The digital communication platform provider Twilio has confirmed that multiple employees have been tricked into disclosing their account credentials in a smishing attack. Smishing is the use of SMS messages for conducting a phishing attack to steal employee credentials. Those credentials can be used to access employee accounts and any sensitive data accessible through those accounts.
Twilio provides programmable communication tools for making and receiving phone calls, sending and receiving text messages, and other communication functions, and the platform is used by many large companies for customer engagement, including Twitter, Uber, and Deliveroo.
Twilio detected suspicious activity in certain employee accounts on August 4, 2022, and traced the activity back to responses by the employees to SMS messages. Twilio said current and former employees had reported receiving SMS messages that appeared to have been sent by the IT department asking them to log in to change their passwords or to see updates to their Twilio schedules.
The messages included a link to click to perform the requested action. The URLs contained words such as Twilio, Okta, and SSO to make the recipients of the SMS messages think they were being directed to a legitimate website. The linked websites included a cloned version of the Twilio login prompt, and several employees proceeded to log in. Their credentials were then captured and used by the scammers to access their accounts. Twilio said the accounts contained some customer data, which may have been accessed or acquired. The investigation into the attack and data breach is still in the early stages and the company is working with the affected customers.
Twilio said the messages were sent through U.S. carrier networks and the company has been working with those companies to shut the campaign down. Twilio has also contacted the companies hosting the websites to get those sites taken down, but the scammers simply pivot to other carriers and websites to continue their campaign.
Twilio said this was a sophisticated social engineering attack in which the scammer had the ability to match employee names from sources with their phone numbers. The campaign targeted Twilio employees, but other companies have also reported similar attacks. The threat actors behind the attack have not been identified, but Twilio said that based on the findings of the investigation so far, they are well-organized, sophisticated, and methodical in their actions. Twilio said steps have been taken to improve employee awareness of social engineering attacks such as this and technical measures will be implemented to prevent further attacks.

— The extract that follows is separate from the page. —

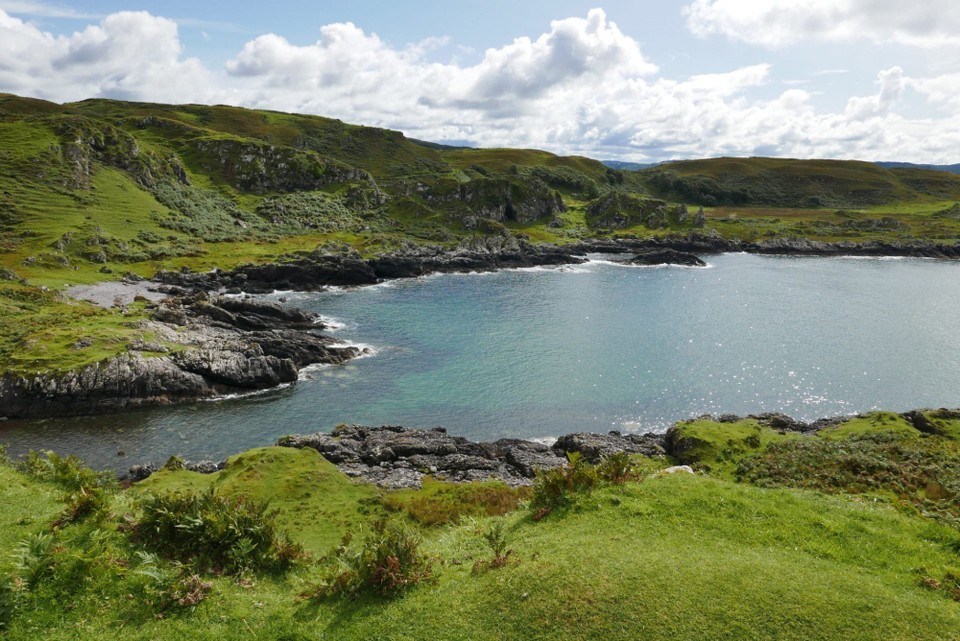 Vereinigtes Königreich - Kerrera - Kerrera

Examples of the SMS phishing messages received by Twilio employees. Source Twilio.
Smishing attacks are less common than email phishing, but attacks are increasing. The best defense against this type of phishing is security awareness training for the workforce. Employees should be trained how to recognize social engineering attacks, including phishing, smishing, and voice phishing. Through regular training and reinforcement, susceptibility to social engineering attacks can be greatly reduced. It is also recommended to implement multifactor authentication on accounts. If passwords are compromised, MFA can prevent the stolen credentials from being used to access accounts.